La terre

par

Françoise Mouche

C’est la deuxième fille du père Mouche (Lise étant la première). D’après la description que le texte fait d’elle, Françoise est une très belle jeune femme à la « chair fraîche et rose de fruit mûrissant », aux « lèvres épaisses », à la « face allongée » et aux « yeux noirs et profonds ». Contrairement aux autres personnages féminins du roman (comme Lise et Fanny), le dur travail de la terre et les effets du soleil accablant n’ont pas réussi à l’enlaidir.

Au début du roman, Françoise est très proche de sa sœur Lise. Ayant dix ans de différence d’âge, elles ont développé en grandissant une relation sororale spéciale. En effet, après la mort de leur mère, Françoise a été élevée par sa sœur Lise : « Lise l’avait élevée, leur mère étant morte : de là venait leur grande tendresse, active et bruyante de la part de l’aînée, passionnée et contenue chez la cadette. » Et bien que seulement âgée de 15 ans, Françoise faisait déjà preuve de personnalité : elle était « raisonnable », « sansvilaines pensées ». Mais la relation entre Françoise et Lise se dégrade peu à peu lorsque les sentiments de jalousie s’installent : « Et les deux sœurs, face à face, se dévisagèrent, menaçantes, ennemies. » Et lorsque Françoise arrive à l’âge adulte et que Jean Macquart (et aussi Buteau) lui montre son intérêt, la jalousie de Lise redouble : « Elle l’exécrait d’être plus jeune, plus fraîche, plus désirée ».

Françoise réalise malheureusement qu’elle éprouve quelques sentiments pour Buteau : « Lorsque Françoise rencontrait ainsi Buteau, surtout seul, elle en demeurait bouleversée ». Son bouleversement relève de la frayeur (car il cherche désespérément à la violer et à la tuer) mais aussi de l’amour, un amour qu’elle ne comprend pas elle-même et dont elle a la confirmation à un moment des plus inappropriés : lorsque Buteau la viole.
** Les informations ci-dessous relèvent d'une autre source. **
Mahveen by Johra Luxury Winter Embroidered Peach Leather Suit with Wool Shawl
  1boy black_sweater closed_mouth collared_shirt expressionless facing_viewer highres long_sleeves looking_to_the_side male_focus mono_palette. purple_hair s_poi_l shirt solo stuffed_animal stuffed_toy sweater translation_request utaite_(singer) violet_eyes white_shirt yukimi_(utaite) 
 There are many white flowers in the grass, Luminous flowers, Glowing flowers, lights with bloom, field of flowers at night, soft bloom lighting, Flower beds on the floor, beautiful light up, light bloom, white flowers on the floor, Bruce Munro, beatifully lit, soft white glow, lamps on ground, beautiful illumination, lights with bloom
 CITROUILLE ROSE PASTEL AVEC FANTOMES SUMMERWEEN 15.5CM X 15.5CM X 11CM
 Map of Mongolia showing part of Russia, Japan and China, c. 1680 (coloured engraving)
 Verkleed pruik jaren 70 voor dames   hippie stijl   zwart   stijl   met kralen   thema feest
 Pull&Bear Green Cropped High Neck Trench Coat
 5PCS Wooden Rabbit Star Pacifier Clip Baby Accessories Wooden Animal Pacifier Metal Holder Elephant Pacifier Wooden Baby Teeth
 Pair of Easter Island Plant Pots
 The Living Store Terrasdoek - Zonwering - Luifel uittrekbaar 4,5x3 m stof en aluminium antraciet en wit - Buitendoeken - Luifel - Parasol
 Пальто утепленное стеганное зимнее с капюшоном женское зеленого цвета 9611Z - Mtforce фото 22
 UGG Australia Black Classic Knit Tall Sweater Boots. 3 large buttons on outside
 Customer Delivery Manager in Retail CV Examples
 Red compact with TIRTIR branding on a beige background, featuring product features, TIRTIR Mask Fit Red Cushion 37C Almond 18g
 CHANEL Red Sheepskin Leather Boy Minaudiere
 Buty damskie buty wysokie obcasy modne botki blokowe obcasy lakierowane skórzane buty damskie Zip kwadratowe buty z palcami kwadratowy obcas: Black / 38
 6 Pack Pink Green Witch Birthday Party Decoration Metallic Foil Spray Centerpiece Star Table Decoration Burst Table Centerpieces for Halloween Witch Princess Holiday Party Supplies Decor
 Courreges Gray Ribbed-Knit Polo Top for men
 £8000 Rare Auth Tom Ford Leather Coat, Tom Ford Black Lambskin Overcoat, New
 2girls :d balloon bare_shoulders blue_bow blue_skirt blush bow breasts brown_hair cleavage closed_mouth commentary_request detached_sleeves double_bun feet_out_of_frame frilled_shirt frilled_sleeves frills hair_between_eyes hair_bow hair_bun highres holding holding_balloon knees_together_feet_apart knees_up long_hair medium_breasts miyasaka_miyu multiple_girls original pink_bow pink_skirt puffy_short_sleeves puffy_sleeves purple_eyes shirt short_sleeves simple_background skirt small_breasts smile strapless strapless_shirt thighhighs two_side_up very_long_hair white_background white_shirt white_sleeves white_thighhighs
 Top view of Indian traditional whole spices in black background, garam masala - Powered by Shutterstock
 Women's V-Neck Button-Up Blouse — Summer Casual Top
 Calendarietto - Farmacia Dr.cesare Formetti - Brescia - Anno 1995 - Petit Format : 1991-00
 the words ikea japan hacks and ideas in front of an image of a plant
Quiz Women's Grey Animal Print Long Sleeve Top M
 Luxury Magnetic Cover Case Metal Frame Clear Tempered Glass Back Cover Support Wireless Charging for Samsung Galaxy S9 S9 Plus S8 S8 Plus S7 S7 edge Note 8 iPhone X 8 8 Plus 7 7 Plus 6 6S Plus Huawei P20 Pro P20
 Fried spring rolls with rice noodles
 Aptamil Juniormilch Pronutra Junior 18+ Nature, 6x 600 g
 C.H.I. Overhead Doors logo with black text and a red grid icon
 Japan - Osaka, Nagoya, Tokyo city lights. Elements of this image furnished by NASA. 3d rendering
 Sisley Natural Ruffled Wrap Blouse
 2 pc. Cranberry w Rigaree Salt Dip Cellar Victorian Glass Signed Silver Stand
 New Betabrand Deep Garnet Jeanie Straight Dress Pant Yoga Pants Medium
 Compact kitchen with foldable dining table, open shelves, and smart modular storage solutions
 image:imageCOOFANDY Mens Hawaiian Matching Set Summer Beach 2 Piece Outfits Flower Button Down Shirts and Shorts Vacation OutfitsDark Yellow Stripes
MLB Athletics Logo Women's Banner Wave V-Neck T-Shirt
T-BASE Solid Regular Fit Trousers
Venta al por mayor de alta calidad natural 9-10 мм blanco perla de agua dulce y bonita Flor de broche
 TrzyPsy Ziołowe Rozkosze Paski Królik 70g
Ne pouvant pas le combattre à cause de la supériorité de sa force physique, elle s’abandonne à lui dans cet ébat sexuel forcé qu’elle semble aimer, à sa grande surprise : « et quand Buteau l’eut possédée, elle fut emportée à son tour dans un spasme de bonheur si aigu, qu’elle le serra de ses deux bras à l’étouffer, en poussant un long cri. »

Bien que les Buteau aient longtemps prémédité le meurtre de Françoise, c’est la colère de Lise et sa jalousie à l’égard de sa sœur – qui semble lui avoir tout volé (même son mari) – qui l’incitent à la pousser sur la faux.